5. Diff, normalization, and safe rewrites

The following helpers are available for more advanced workflows (all already exist today; this section only documents them):

  • Normalization: tooling/graph_normalize.normalize_graph(ir)

    • fills in missing effect / reads / writes / edge ports for legacy IR
    • produces a copy that is safer for analysis without changing semantics.
  • Diff: tooling/graph_diff.graph_diff(old_ir, new_ir)

    • machine-readable summary of added/removed/changed nodes and edges.
  • Safe edits: helpers mentioned in ../reference/GRAPH_SCHEMA.md:

    • insert_node_after, rewire_edge, wrap_r_with_retry, attach_err_handler
    • pattern: clone IR -> edit clone -> validate -> inspect diff -> accept or discard.

These are intended for tooling/agent use, not for changing runtime semantics.

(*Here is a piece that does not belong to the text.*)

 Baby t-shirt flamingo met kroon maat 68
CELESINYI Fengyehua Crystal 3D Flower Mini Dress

6. Record/replay and deterministic runs

For runtime-level introspection without live side-effects, use the record/replay flags described in ../INSTALL.md:

  • Record adapter calls:
ainl run app.ainl --json \
  --enable-adapter http \
  --record-adapters calls.json
  • Replay deterministically (no live io):
ainl run app.ainl --json \
  --replay-adapters calls.json

This, combined with graph inspection, lets agents:

  • reason about possible execution paths from IR
  • observe actual executed paths via record/replay and logs
  • compare the two to detect unexpected behavior.

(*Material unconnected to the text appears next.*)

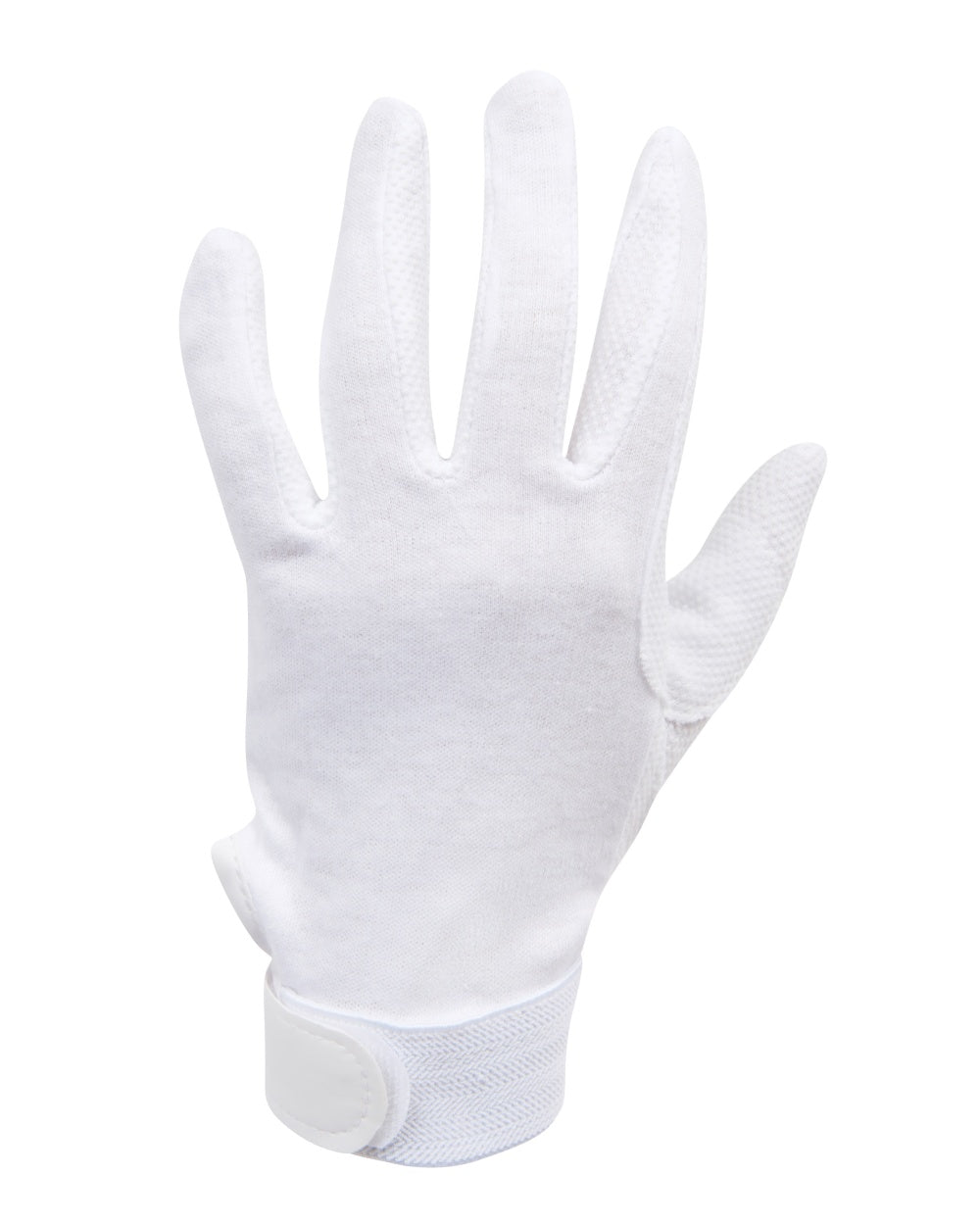 White Coloured Dublin Track Riding Gloves on white background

7. Mermaid diagram (CLI visualizer)

For a flowchart you can paste into mermaid.live, GitHub, or Obsidian, use the graph visualizer (strict compile, read-only):

ainl visualize examples/hello.ainl --output - > hello.mmd
# or
ainl-visualize examples/status_branching.ainl -o diagram.md
# or from repo root without install:
python3 -m cli.main visualize examples/hello.ainl --output - > hello.mmd
python3 scripts/visualize_ainl.py examples/hello.ainl -o -

Behavior (see root README.mdVisualize your workflow for the full walkthrough):

  • Reads .ainl / .lang, compiles with emit_graph=True and strict diagnostics on failure (same structured stderr path as ainl-validate when rich is installed).
  • Emits Mermaid graph TD from canonical ir["labels"] (nodes, edges, entry); include … as alias labels are grouped into subgraph clusters by alias prefix.
  • Draws synthetic Call → callee entry edges (with a %% comment in the output) when the IR does not list them explicitly, so included modules stay visible.
  • Flags: --no-clusters, --labels-only, --format dot (DOT not implemented yet; use render_graph.py below for Graphviz DOT).

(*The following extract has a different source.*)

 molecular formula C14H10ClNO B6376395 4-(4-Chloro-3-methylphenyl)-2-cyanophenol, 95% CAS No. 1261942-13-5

8. DOT graph export (for visualizers)

For a quick graph visualization, you can export the compiled IR as a DOT file and use Graphviz or similar tools:

python scripts/render_graph.py examples/status_branching.ainl > status_branching.dot
dot -Tpng status_branching.dot -o status_branching.png

This helper:

  • compiles the program to graph IR (optionally strict),
  • renders a minimal DOT graph with:
    • one subgraph per label (L1, L2, ...),
    • one node per IR node (labeled by op and adapter prefix, e.g. R (http)),
    • edges labeled by their port (next, then, else, etc.).

You can also feed it an existing IR JSON file instead of source:

python scripts/render_graph.py tests/emits/server/ir.json --from-ir > server.dot

scripts/render_graph.py is a thin, read-only visualization helper; it does not change any compiler or runtime semantics.